Balyoz Davası sürüyor. Dönemin I. Ordu Komutanı, emekli Org. Çetin Doğan, mahkemede bir çıkış yaptı ve şöyle dedi: "Seminer planının yapıldığı tarihlerde (Mart 2003) ben bu ordunun komutanıydım.
Seminere başkanlık yaptım. Bu arkadaşlar emir-komuta zinciri içinde hareket etmişlerdir. Bir suç isnadı varsa bundan sorumlu olan arkadaşlarım değil, benim."
Doğan'ın bu çıkışını salondaki sanıklar alkışladı. Mahkeme Başkanı ise sessiz olunmasını istedi.
Peki, bu mümkün mü?
Yani "Seminerin baş sorumlusu bendim...
Diğerlerini bırakın, beni yargılayın" denebilir mi?
Soruyu mevcut kanunlar çerçevesinde sormuyorum elbette... Böyle bir yargılama vicdani midir, adaletli midir?
Valla ben kuşkuluyum...
Evet, elbette, "emir-komuta zinciri" diye bir mekanizma var.
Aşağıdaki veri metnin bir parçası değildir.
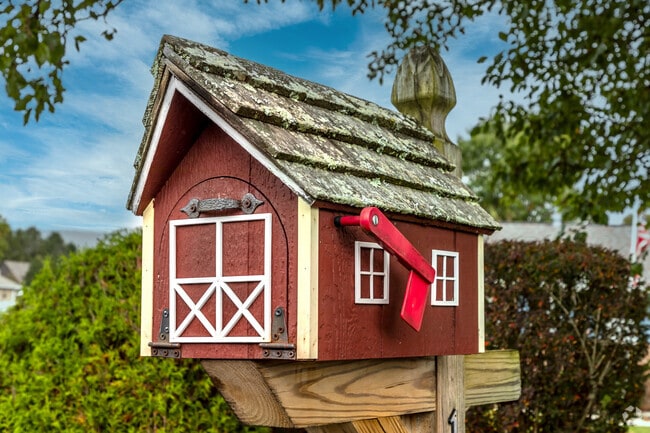 Uniontown residents display their rural setting appreciation through decorative mailboxes.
Zincirin alt kısımlarında yer alanlar, hep bu savunmayı yapmıştır: "Ne yapayım, emir böyleydi."
Tamam ama verilen emir, bağlı olduğun kanunlara ve senin görev tanımına uygun muydu arkadaş?
Komutan "Darbe planı hazırla" dedi de... Peki, böyle bir planı hazırlamak senin işin miydi?
Valla kimse kimseyi kandırmasın:
Eğer gerçekten "Balyoz" diye bir darbe planı hazırlandıysa... Katılan herkes az ya da çok suçludur.